Reprint each record exactly. Pictures are not reprinted.

(Scraped caption text data)
----

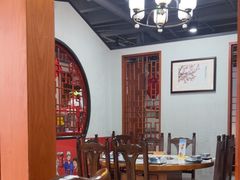 -乡土黄·鲜牛肉火锅·小龙虾(兴业街店)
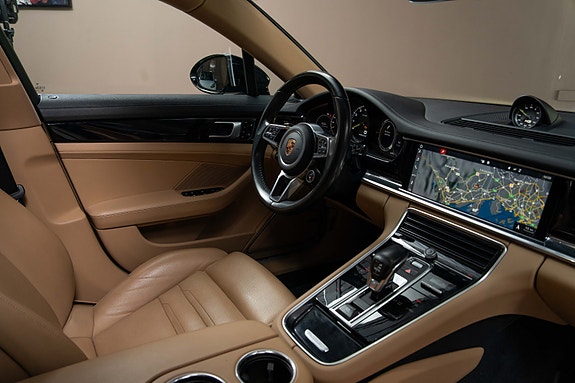 Porsche Panamera 4 29 of 30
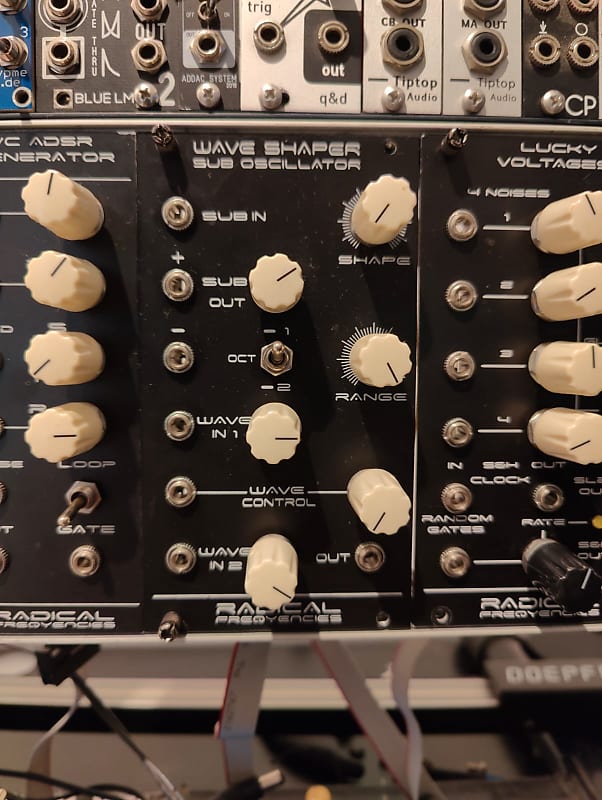 Radical Frequencies Wave Shaper Sub Oscillator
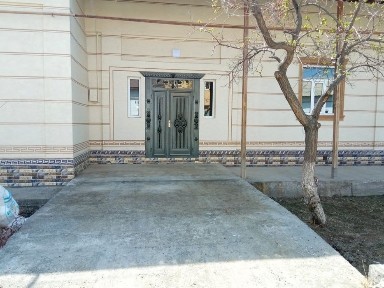 450 metr kvadrad hovli joy sotiladi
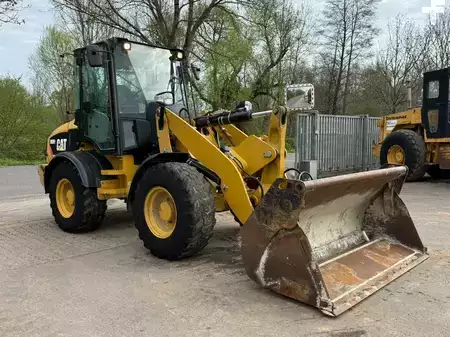 Hjullæsser 2013 Caterpillar 908 H // BJ. 2013 / 5819H/SW/Klappschaufel (7)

----

■ **Output below**
 -乡土黄·鲜牛肉火锅·小龙虾(兴业街店)
 Porsche Panamera 4 29 of 30
 Radical Frequencies Wave Shaper Sub Oscillator
 450 metr kvadrad hovli joy sotiladi
 Hjullæsser 2013 Caterpillar 908 H // BJ. 2013 / 5819H/SW/Klappschaufel (7)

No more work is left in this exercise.